R ecuerdo a Rosario Ibarra de Piedra en la comida anual de EL UNIVERSAL el 13 de febrero de 1985, y aquella tarde de otoño de 1974 en la ciudad de Monterrey, en que mi hijo Jorge Eugenio desapareció. Cerca de la media noche, el jefe de la Policía de Nuevo León me recibió en su despacho.
“—Sí, ciertamente, aquí tenemos a su hijo. Participó con guerrilleros que asaltaron la fábrica Bimbo y lo encontramos encerrado en la cajuela de un automóvil que, según la matrícula, es propiedad de usted.
—¿Puedo ver a mi hijo?
—Aún no, porque lo estamos interrogando.
—¿Tiene usted alguna razón para detenerlo? ¿Alguna sospecha para acusarlo y ponerlo en calidad de detenido?”.
Carlos Solana se mostró contrariado, pretendió darme excusas y refinó sus modales para pedirme tiempo, para comunicarme que en realidad mi hijo fue víctima de los guerrilleros, que lo encañonaron por la espalda cuando abordaba su automóvil en el estacionamiento del Tec de Monterrey, que lo obligaron a manejar hasta fuera de la ciudad, y meterse en la cajuela estrecha, a mi hijo, un hombrón fornido que a los 18 años medía 1.94 m de altura. El guerrillero hijo de la señora Rosario Ibarra de Piedra encabezaba el grupo e inyectó a mi hijo morfina o algún otro anestésico; y cuando finalmente despertó a punto de ahogarse dentro de la cajuela, golpeó con toda su fuerza y los vecinos de la colonia La Moderna escucharon los palmetazos en el carro y llamaron a la policía que recogió el carro y rescató a mi hijo.
“—Usted, me dijo Solana, es amigo del obispo Sergio Méndez Arceo, izquierdista de lo más extremo, que cuando viene a Monterrey se hospeda en su casa. ¿No será que su hijo se ha contagiado de las ideas de la izquierda violenta y que en realidad estaba de acuerdo con los guerrilleros?”.

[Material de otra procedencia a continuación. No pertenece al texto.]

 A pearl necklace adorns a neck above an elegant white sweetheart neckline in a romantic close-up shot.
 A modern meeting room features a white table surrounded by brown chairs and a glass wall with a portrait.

Solana tuvo que soportar mi ira y conminaciones, y al fin me entregó a mi hijo; quien a los pocos días resultó aquejado por una maligna hepatitis.
Los discursos se sucedieron en esa comida de EL UNIVERSAL, y cuando me despedía de amigos y conocidos, Rosario Ibarra de Piedra me abordó desde su pequeña estatura:
“—Jorge Eugenio, yo supe que mi hijo el guerrillero secuestró a uno de tus hijos y le causó grave daño con una inyección que le aplicó para dormirlo y que la policía del gobernador Pedro Zorrilla te causó molestias. Yo quiero pedirte, en nombre de mi hijo desaparecido y de mí misma, que me perdonen el mal que les hicimos.
Le extiendo un abrazo y exclamo con la voz quebrada: —Tienes mi perdón y creo que el de todos los míos.”
En el interior de mi espíritu, recuerdo de repente las palabras de un poema de alguno de mis libros de poesía política: “Restañemos con la esperanza el duelo / reparar las ofensas / es mirar los luceros / que con la noche asoman / es sentir que el corazón se abriga con la lumbre / y del perdón que es hogar de la justicia”.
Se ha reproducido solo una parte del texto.